Klassiker dürfen da natürlich nicht fehlen. Das „digitale Ehrenamt“ soll schon seit gefühlten Dekaden gestärkt werden. Und Digitalkompetenzen sind richtigerweise total wichtig. Aber immer noch vor allem für die Jungen und die Alten, für die konkrete Programme genannt werden – die Menschen dazwischen müssen sich das mit dem Digitalen leider selber beibringen.

Neuer und positiver klingt der Sound dieser Bundesregierung, dass man endlich mal offene Standards und Open-Source-Software priorisiert einsetzen will. Das muss aber jetzt auch überall – am besten „in der Regel“, wie der Koalitionsvertrag verspricht – umgesetzt werden.

Viele Themen fehlen

Da erkennt man aber auch, was fehlt: Ein ganzheitlicher Blick auf die Herausforderungen der Digitalisierung. Deutlich wird das beim Thema Demokratie. Es ist schön und wichtig, dass ein Rechtsanspruch auf Open-Data kommen soll, aber ohne weitere Maßnahmen wie dem im Koalitionsvertrag versprochenen Bundestransparenzgesetz und der Offenlegung von legislativen Fußabdrücken in Gesetzesprozessen sieht man Teile von Open-Government vor allem unter dem Aspekt der Wirtschafts- und Innovationsförderung.

Am Ende des Papieres werden viele Multi-Stakeholder-Prozesse auf internationaler Ebene aufgezählt, die man verstärken will. Aber wie eine stärkere Einbindung der digitalen Zivilgesellschaft auf nationaler Ebene aussehen soll, wo man konkreter vorgehen könnte, verrät das Papier nicht. Diese hätte man auch schon in diesen Prozess der Digitalstrategie einbinden können, dann klänge auch alles weniger nach den üblichen Vorlagen von Wirtschafts-Lobbyverbänden wie Bitkom und BDI.

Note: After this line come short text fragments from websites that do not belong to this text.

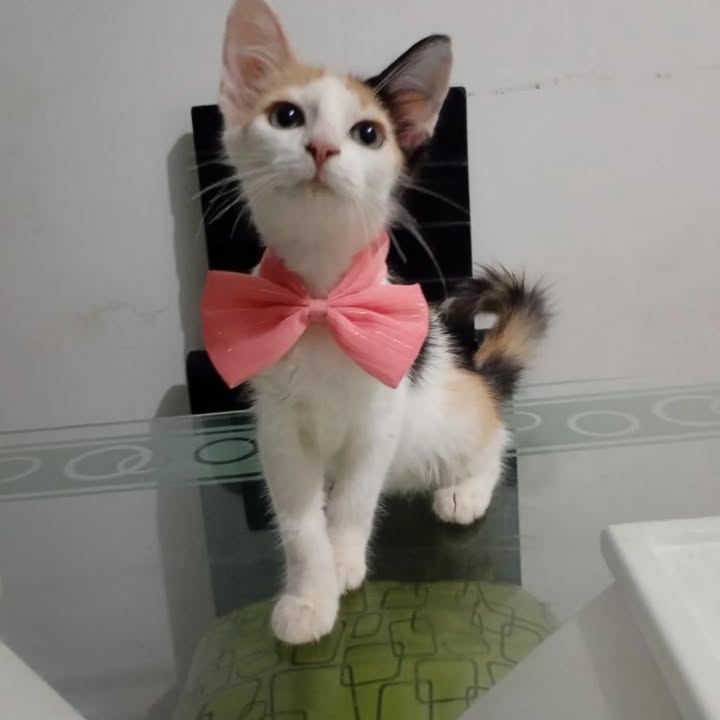 Adopción de gatos en Risaralda 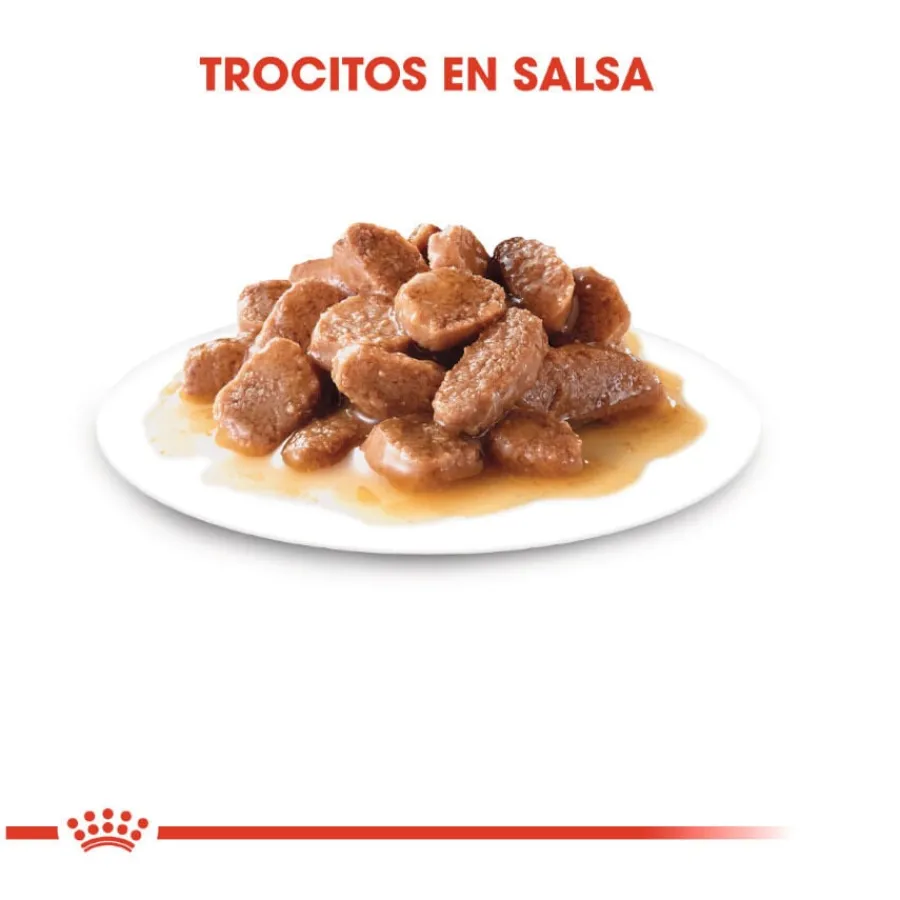 Royal Canin Ageing 12+ sobre en salsa para gatos Best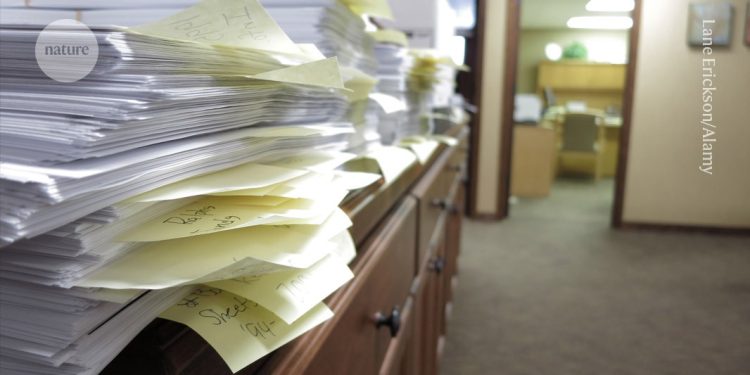 ¿La fábrica de papel más grande de Europa? 1.500 artículos de investigación vinculados a la red ucraniana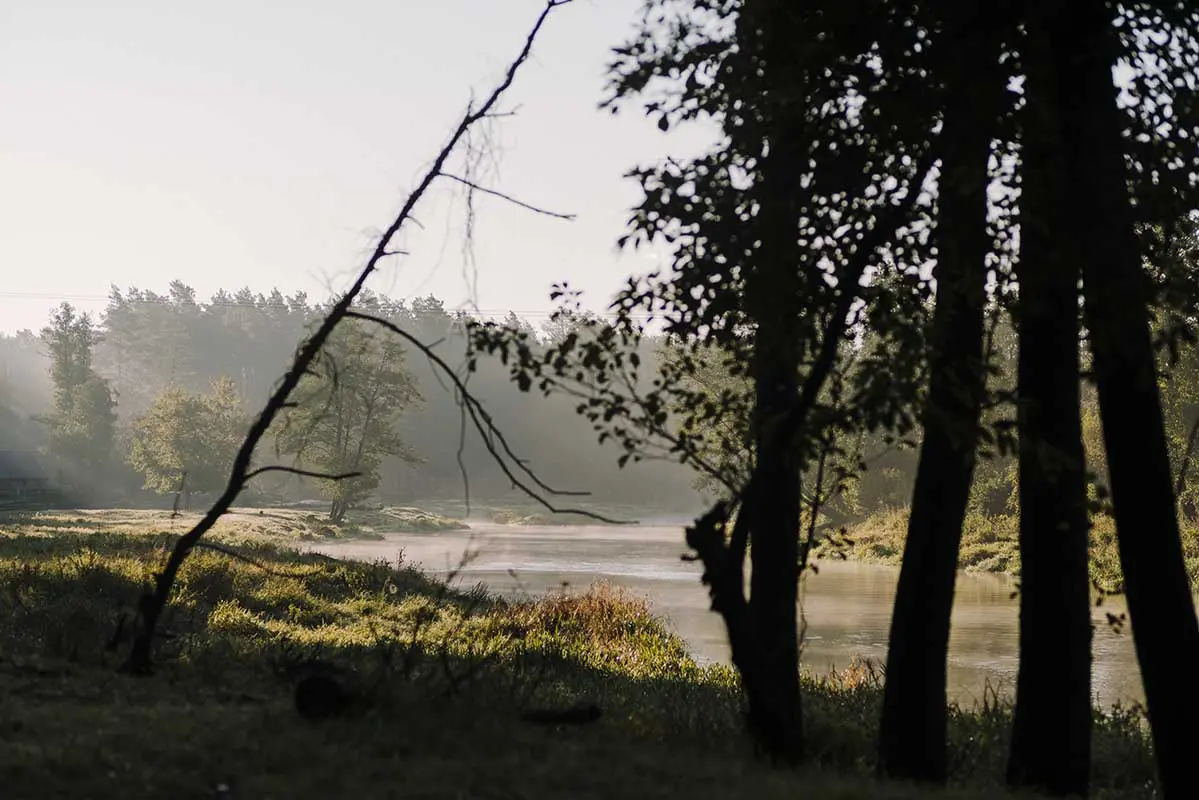 Działka znajduje się bezpośrednio przy rzece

Die Umsetzung wird zeigen, ob es diesmal besser klappt

Was jetzt zählt, ist aber vor allem die Umsetzung. Während das eine Gremium das Digitalbudget verhandelt, sind BMDV, BMI und BMWK für die Weiterentwicklung der nationalen Digitalstrategie federführend. Und dann gibt es noch eine Staatssekretärsrunde mit Vertreter:innen aus allen Ministerien. Neben zahlreichen weiteren Gremien wie dem Digitalrat. An Strukturen mangelt es immer noch nicht. Doch das könnte ein Problem werden: Die letzten Digitalstrategien sind auch daran gescheitert, dass drei Parteien in der Bundesregierung nicht richtig miteinander konnten und ihre Ministerien mehr gegen- als miteinander gearbeitet haben. Jetzt sind es wieder drei, nur in einer anderen Konstellation. Ob es jetzt endlich mal besser wird?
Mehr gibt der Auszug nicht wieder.